TASK INPUT =
[Start of Attachment]

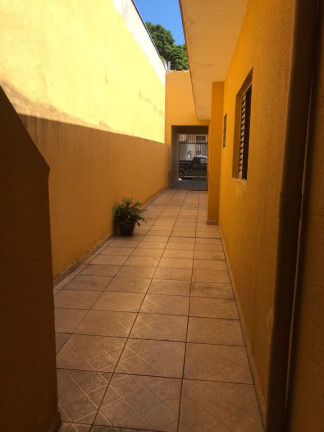 Imagem Casa com 3 Quartos à Venda, 168 m² em Vila Nova Nipônica - Bauru Imagem Casa com 3 Quartos à Venda, 168 m² em Vila Nova Nipônica - Bauru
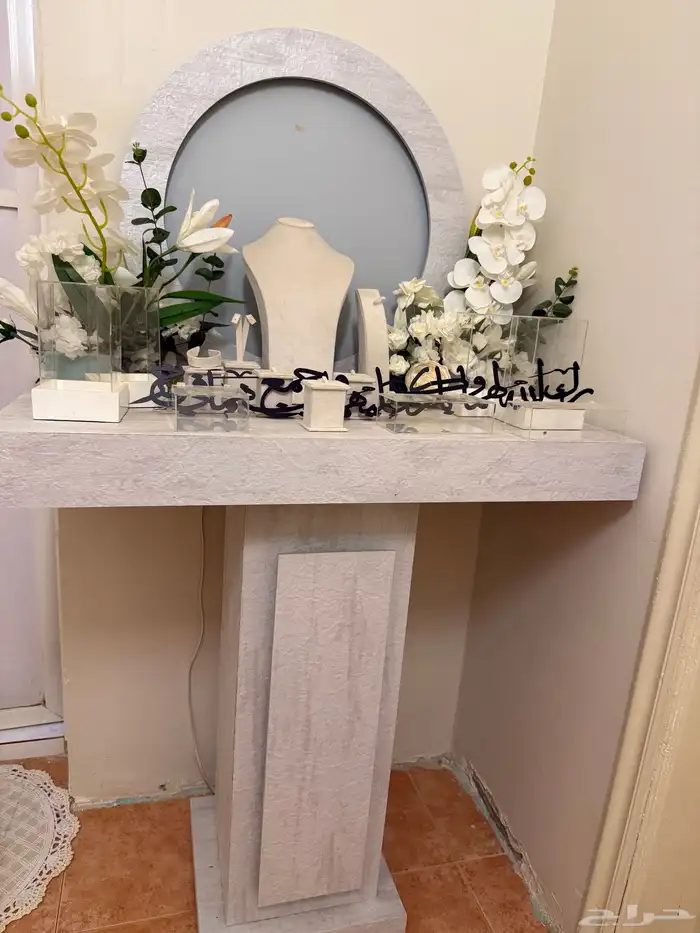 عربية ملكة. 0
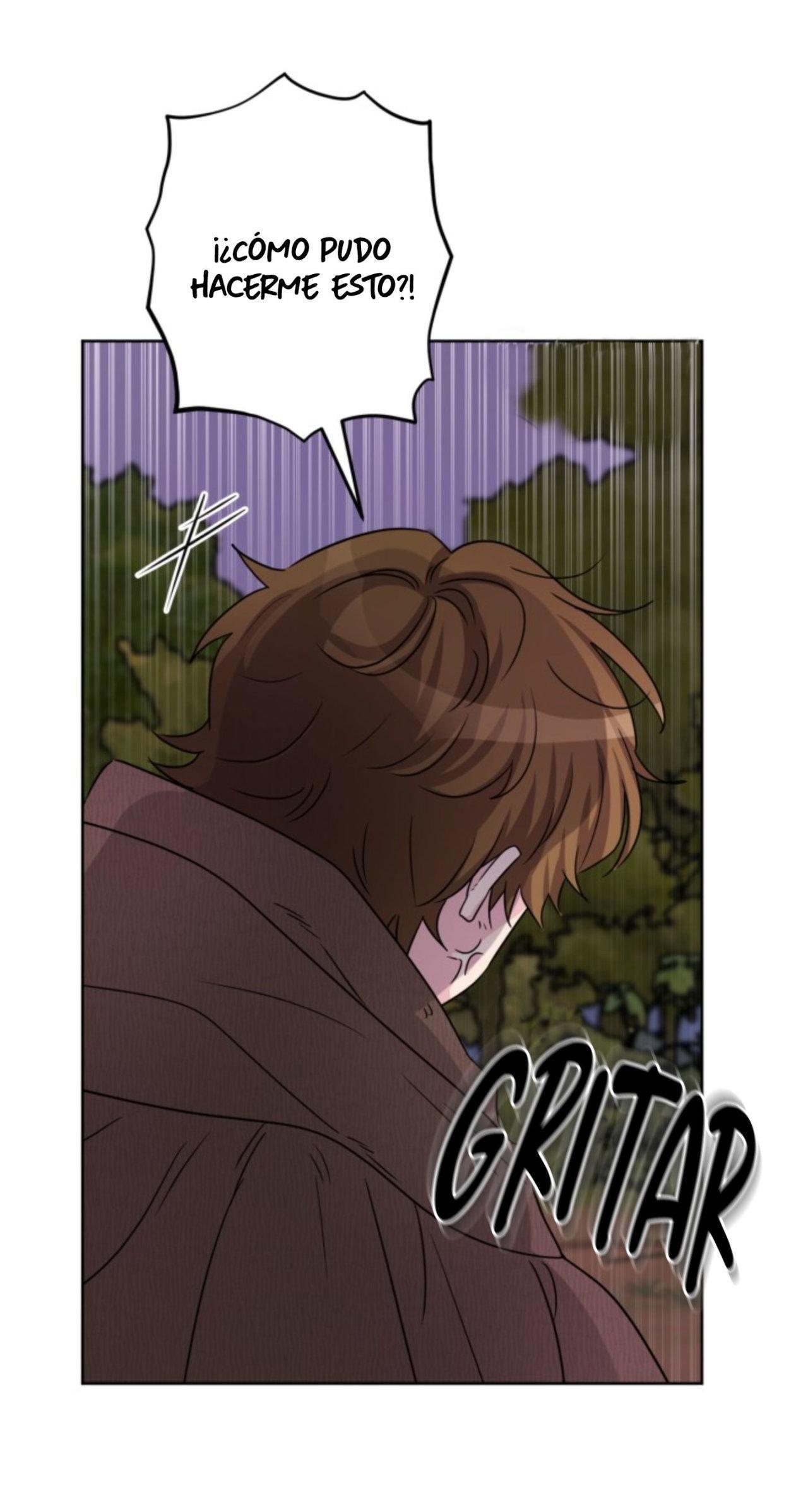 Capitulo 54 page 43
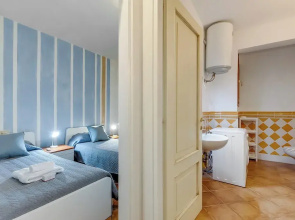 Il Borgo Porto San Paolo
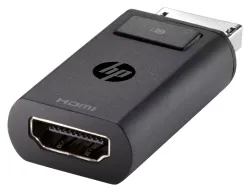 Adattatore HP da DisplayPort a HDMI 1,4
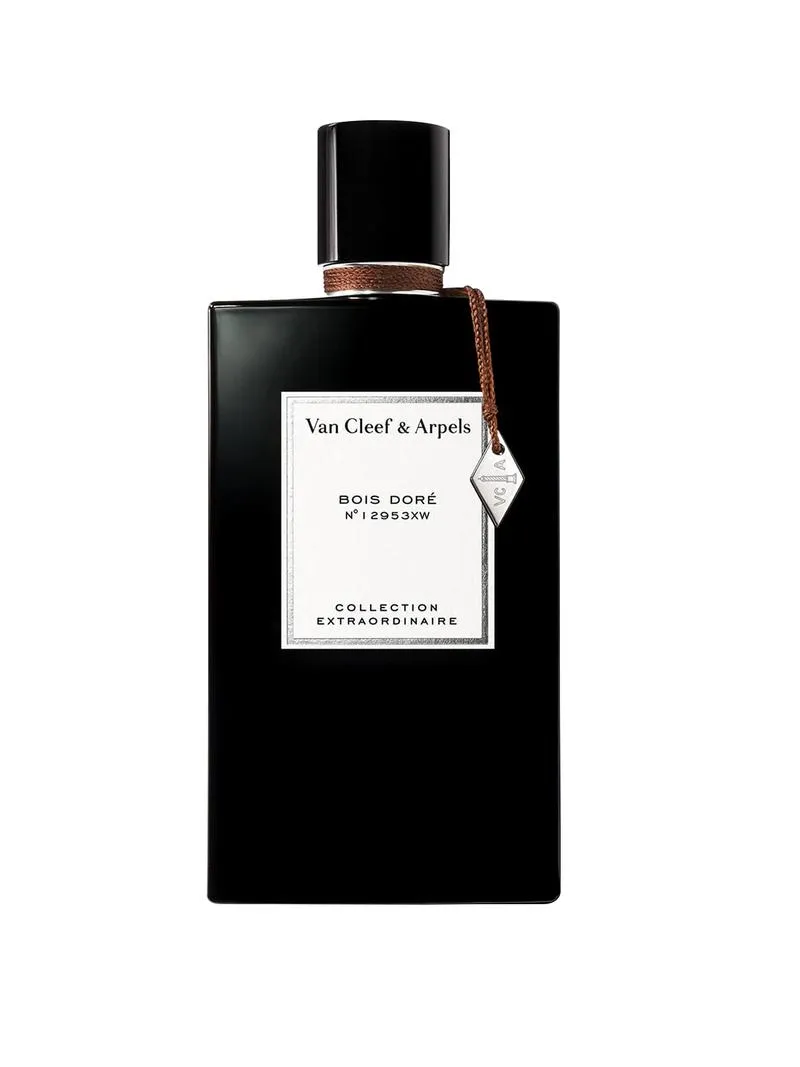 Van Cleef Bois Dore EDP Unisex 75ML Set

[End of Attachment]

TO DO = Skip every picture and retype only the lines from the line with "عربية ملكة. 0" through the last line of the listing, both ends included, exactly as they appear.

RESULT OF THIS TASK =
 عربية ملكة. 0
 Capitulo 54 page 43
 Il Borgo Porto San Paolo
 Adattatore HP da DisplayPort a HDMI 1,4
 Van Cleef Bois Dore EDP Unisex 75ML Set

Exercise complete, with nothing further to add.